Der progressiv-neoliberale Fortschrittskonsens der „langen Neunziger“ gelangt mit der Finanzkrise 2008 und den ihr folgenden Austeritätspolitiken jedoch an ein jähes Ende und gebiert die populistischen Mobilisierungswellen der 2010er Jahre: von Occupy Wall Street etwa. Damit, so Jäger, ist die Politik jedoch nicht aus ihrem Winterschlaf zurückgekehrt. Zwar wehrte man sich gegen undemokratische Hinterzimmerdeals, ohne aber selbst auf Veränderungen hinzuwirken. Die Wut der 2010er Jahre verlief sich großteils im Sand, lehnten die Bewegungen doch Institutionen an sich ab. „Antipolitik war eine Politik gegen eine Politik, die keine war“, resümiert Jäger. Eine Einschränkung nimmt er jedoch vor: Rechte wie Trump hätten es besser geschafft, die Wut in politische Projekte zu überführen.

Was kommt nach der Hyperpolitik?

Heute, so Jäger, befinden wir uns in der letzten, zentralen Phase der Hyperpolitik. Sie ist die widersprüchlichste. Einerseits ist alles politisiert. Ob in Kunst oder auf der Firmenfeier nirgends findet man noch gänzlich unpolitische Räume. Oder wie Jäger die amerikanische Journalistin Sarah Jones passend zitiert: „Die Leute, die früher Katzenvideos im Internet geteilt haben, teilen jetzt schrille politische Memes“. Und zeitgleich nimmt der Organisationsgrad politischer Kämpfe weiter ab. Wo die 2010er Proteste noch, wenn auch erfolglose, Parteiprojekte wie SYRIZA oder Podemos hervorbrachten, da seien es heute schwarmvernetzte Internetcommunities, die sich eruptiv mobilisieren.  Zwar wird versucht, „diese Schwärme vorübergehend zu choreographieren“, stellt Jäger fest. „Doch eine solche Choreografie ist nicht gleichbedeutend mit dauerhafter Organisation.“ Feste Mitgliederlisten, Permanenz und ein gewisses Maß an Anhängerdisziplin – mit all diesen Basics des Organisations-ABC hätten gegenwärtige Bewegung dem Ideenhistoriker zu Folge bereits zu kämpfen.

Jäger zieht folgenden Schluss aus diesem Ritt durch die Geschichte: Die Erosion des Sozialen führt zu politischer Volatilität, die wiederum eine Unmöglichkeit kollektiven Handelns bewirkt. Geraten solcherart verfasste Gesellschaften in Krisen wie die aktuelle Inflation oder die Klimakrise entwickelt sich ein handfestes Dilemma. Namentlich die „Unfähigkeit, kollektiv auf politische und ökologische Herausforderungen zu reagieren.“ Und nun? Jäger meint: Zurück in die Organisationen. Seine Antwort wirkt etwas hilflos, vermag doch auch er nicht zu sagen, wie die Sisyphos-Aufgabe zu bewerkstelligen ist. Hinzu kommt, dass er an vielen Stellen die Gefahren der von ihm vermissten Institutionalisierung anspricht: Etwa die Tendenz von Parteien, sich in Selbstbezüge zu verlieren oder sich gegenüber neuen Impulsen zu immunisieren.
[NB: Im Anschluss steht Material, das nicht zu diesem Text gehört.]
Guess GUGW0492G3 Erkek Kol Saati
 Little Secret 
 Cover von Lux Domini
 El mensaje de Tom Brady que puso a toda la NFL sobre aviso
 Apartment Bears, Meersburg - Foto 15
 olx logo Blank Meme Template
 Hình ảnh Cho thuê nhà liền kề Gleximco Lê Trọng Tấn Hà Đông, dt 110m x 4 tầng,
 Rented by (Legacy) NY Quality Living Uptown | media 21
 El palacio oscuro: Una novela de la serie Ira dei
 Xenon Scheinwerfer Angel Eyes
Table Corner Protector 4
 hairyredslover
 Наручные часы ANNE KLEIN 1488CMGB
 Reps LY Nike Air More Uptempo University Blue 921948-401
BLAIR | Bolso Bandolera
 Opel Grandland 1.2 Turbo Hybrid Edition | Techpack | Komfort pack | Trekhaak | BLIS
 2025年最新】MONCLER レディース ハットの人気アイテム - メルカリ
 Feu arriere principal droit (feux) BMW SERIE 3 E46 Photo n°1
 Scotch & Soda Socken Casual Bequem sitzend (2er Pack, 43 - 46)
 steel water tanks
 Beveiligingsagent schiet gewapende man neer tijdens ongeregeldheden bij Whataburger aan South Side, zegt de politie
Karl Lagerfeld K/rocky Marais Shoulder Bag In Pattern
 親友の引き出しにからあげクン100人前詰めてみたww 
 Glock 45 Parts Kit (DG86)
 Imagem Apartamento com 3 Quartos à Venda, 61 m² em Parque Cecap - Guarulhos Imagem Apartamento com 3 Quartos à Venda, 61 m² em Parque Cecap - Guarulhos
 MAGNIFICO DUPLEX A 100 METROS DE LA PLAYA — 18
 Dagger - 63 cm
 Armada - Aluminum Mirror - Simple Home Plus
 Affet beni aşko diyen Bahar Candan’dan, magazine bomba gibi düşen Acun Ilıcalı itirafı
Ratsam wäre deshalb, die Debatte dort weiterzuspinnen, wo der Ideenhistoriker uns ratlos entlässt. Weicht er doch einer Frage aus, auf die seine Analyse schnurstracks zuführt. Und das wohl konsequenterweise, ist es doch keine historisch zu beantwortende Frage, sondern eine offene Frage der politischen Praxis. Sie lautet: Wie müssten Institutionen geformt sein, die Menschen auf eine Weise organisieren, dass sie kollektiv handlungsfähig werden, ohne dabei den Fallstricken der elitären Erlahmung anheimzufallen? Gefragt wird nach einer beweglichen und selbstreflexiven Organisation. Sie muss so organisiert wie nötig und bewegt wie möglich sein. Anton Jäger hat den Boden für die Suche bereitet.